> THE DATA:
● ● ● ● ● ● ●

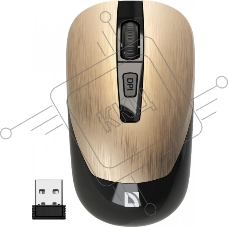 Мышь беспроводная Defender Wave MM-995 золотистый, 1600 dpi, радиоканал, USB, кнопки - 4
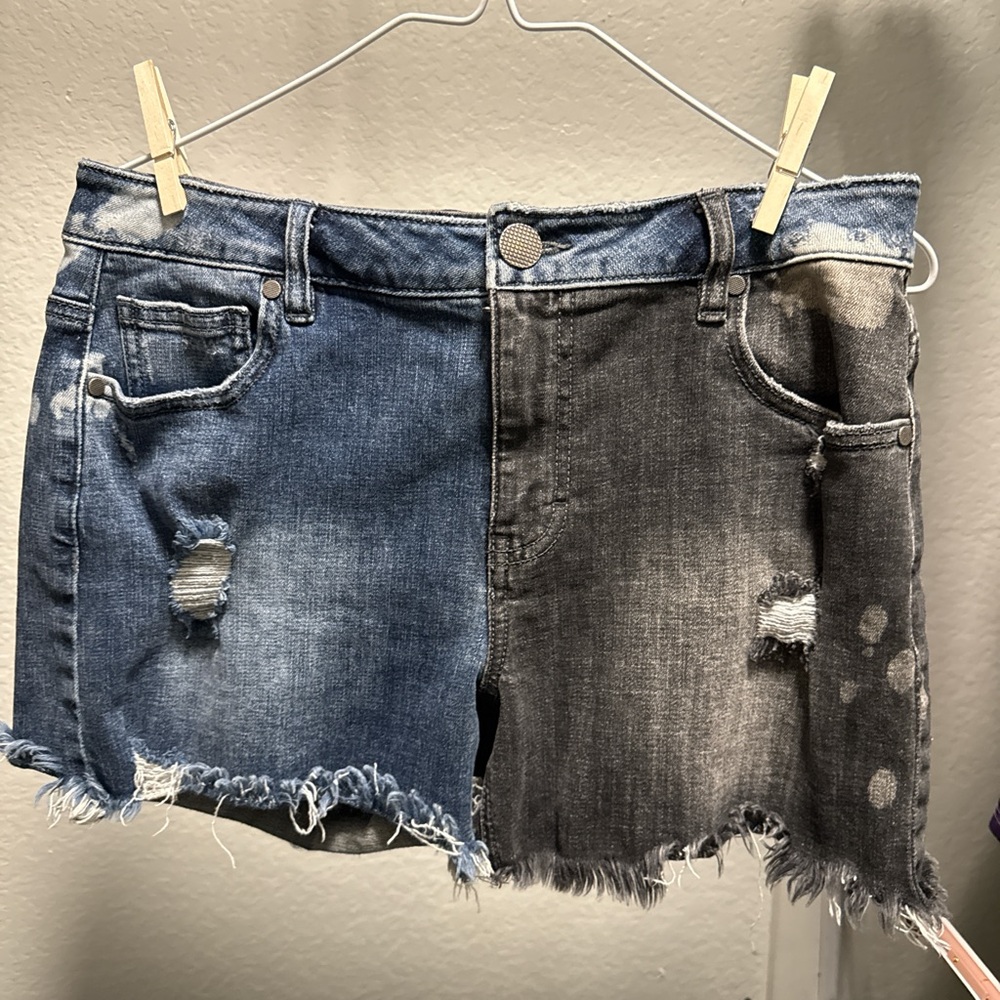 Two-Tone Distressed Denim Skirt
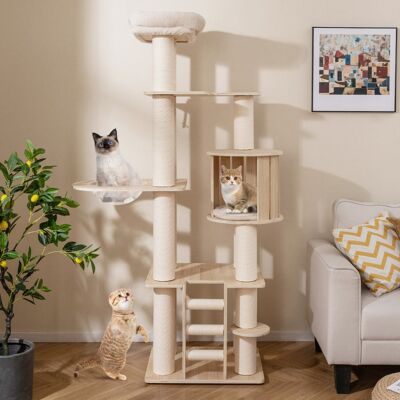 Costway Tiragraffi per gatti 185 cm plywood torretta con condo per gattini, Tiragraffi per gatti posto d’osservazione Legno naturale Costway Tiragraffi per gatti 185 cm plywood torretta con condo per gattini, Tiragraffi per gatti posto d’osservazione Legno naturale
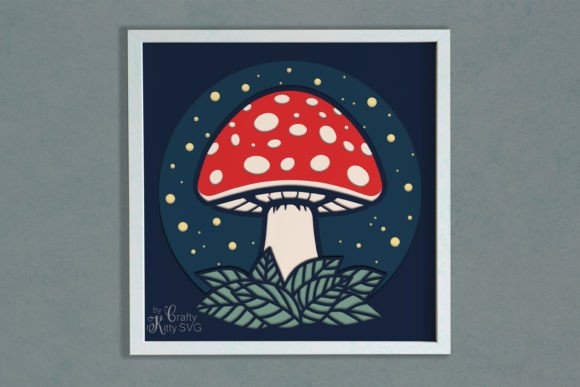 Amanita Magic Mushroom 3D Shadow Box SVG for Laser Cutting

● ● ● ● ● ● ●

> PROBLEM REQUIREMENTS: When you set down the material above, keep every word exact and include no pictures.

> RESPONSE BELOW:
 Мышь беспроводная Defender Wave MM-995 золотистый, 1600 dpi, радиоканал, USB, кнопки - 4
 Two-Tone Distressed Denim Skirt
 Costway Tiragraffi per gatti 185 cm plywood torretta con condo per gattini, Tiragraffi per gatti posto d’osservazione Legno naturale Costway Tiragraffi per gatti 185 cm plywood torretta con condo per gattini, Tiragraffi per gatti posto d’osservazione Legno naturale
 Amanita Magic Mushroom 3D Shadow Box SVG for Laser Cutting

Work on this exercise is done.